Posted: Sunday 17 May 2015, 5:26PM by Camille Lardy
Report by Philipp Hirsch:
With the term halfway through and its grand finale, May Bumps, drawing closer, M1 today competed in its second race since training resumed – Champs’ Eight Heads. For our crew it was an opportunity to see where we stand after a difficult start into the term. After all, a curse on all bowsiders had forced a number of rowers to drop out of our boat. In addition to that, injuries kept coming in over the past weeks, leading to repeated changes in the crews and a lack of continuity. Consequently, training had rather focused on getting the new crew to row together, stressing the basics rather than providing much race-related fine-tuning. Also, we were once again unable to compete with the full crew, as our stroke was unavailable for the weekend. Yet, things were brightening up recently. Over our last few outings, we felt continuous improvements as a crew, an impression which had been confirmed by our coaches. Also, our emergency stroke Chad “The Lad” Stacey had proven that he could be relied on for doing a class job. Finally, we had been able to get hold of James Houston as today’s sub, winning the skills of what is arguably the boat club’s most legendary rower to never had competed for the boat club in a race before. Thus, having lowered the boat on the water, we rowed on a wave of careful optimism to our starting position.

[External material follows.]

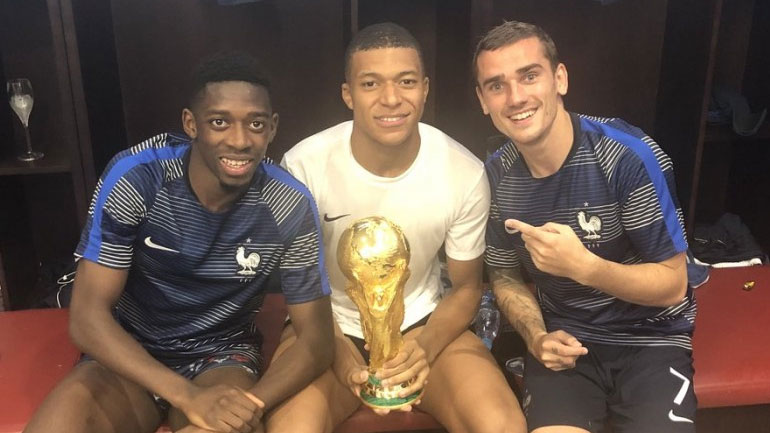 Μπαπέ: «Μένω 100% στην Παρί Σεν Ζερμέν»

Champs’ Eight Heads requires a standing start right before Ditton corner. An unusual position that requires the crew to pick up speed quickly but then to immediately readjust our pace so that stroke side can get the boat around the corner, for which bow side must ease off its pressure. Despite a good start, this odd situation did not help us to hit the beginning of our race on the head, and it took us a while to get the right feel for the corner. Once around Ditton, a second stride-call by our cox Amy was necessary to get the timing together for good. After this, however, our performance clearly improved and a rather powerful row down the Reach followed. But under the railway bridge, exhaustion took its toll and concentration dropped slightly. This resulted in our boat rocking around a bit, making it difficult for everyone to continue clean and technical rowing. But with the emotional support of our bank party and clear coxing instructions, these defects were soon corrected and the boat gained in stability and speed. Unfortunately, a little confusion ensued towards the end of the race, when the exact timing for our final strokes was not clear to everyone in the boat. This possibly cost us one or two seconds on the finish.
Yet, M1 can be happy with this result. We showed that despite a novel crew and continuous changes we can perform well in a race, getting a similar time to the much more experienced crew last year. Also, our performance today was a clear improvement to our first race. Overall, we probably went around half a minute faster than three weeks ago in the Head of the Cam race. Thus, the curve clearly shows upward, and this trend gives us reason to look forward to May Bumps.